Baca juga:  Tribun vs Remotivi: Kita Berdiri di Mana?

Penilaian-penilaian soal perempuan ini menjadi dasar bagi mereka untuk akhirnya rela mengorbankan diri dalam aksi yang mereka anggap sebagai bentuk jihad. Entah bagaimana pola pikirnya, mereka sesungguhnya telah memahami idealisme yang keliru.

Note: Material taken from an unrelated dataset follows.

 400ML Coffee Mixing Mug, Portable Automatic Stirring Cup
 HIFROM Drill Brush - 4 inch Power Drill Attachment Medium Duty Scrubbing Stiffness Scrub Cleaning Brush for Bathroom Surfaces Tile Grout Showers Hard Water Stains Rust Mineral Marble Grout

Menariknya, tidak semua wanita-wanita ini tidak berpendidikan tinggi. Dari beberapa investigasi, wanita-wanita di pusaran kegiatan terorisme adalah mereka-mereka yang merupakan lulusan perguruan tinggi ataupun pesantren.

Peledakan Bom Bunuh Diri di GKI Diponegoro Bertepatan dengan Mother’s Day

Ya, mungkin Puji Kuswati hanya merayakan Hari Ibu Nasional pada tanggal 22 Desember—atau tidak sama sekali. Tapi perlu kita tahu, banyak negara di dunia merayakan Hari Ibu (Mother’s Day) pada hari Minggu kedua di bulan Mei, yang tahun ini jatuh pada tanggal 13 Mei.

Benar—tepat sekali dengan berlangsungnya peledakan bom bunuh diri yang ditunggangi satu keluarga di Surabaya.

Miris, memang. Di Hari Ibu, seorang ibu di Surabaya malah berjalan dengan bom di pinggangnya bersama dua anak kandungnya, yang juga dililiti bom yang sama. Ibu ini telah membuat takdirnya sendiri: membunuh dirinya, membunuh anaknya, dan membunuh toleransi di sekitarnya, tanpa tahu bahwa mungkin saja siang itu ia tadinya akan menerima ucapan selamat Hari Ibu.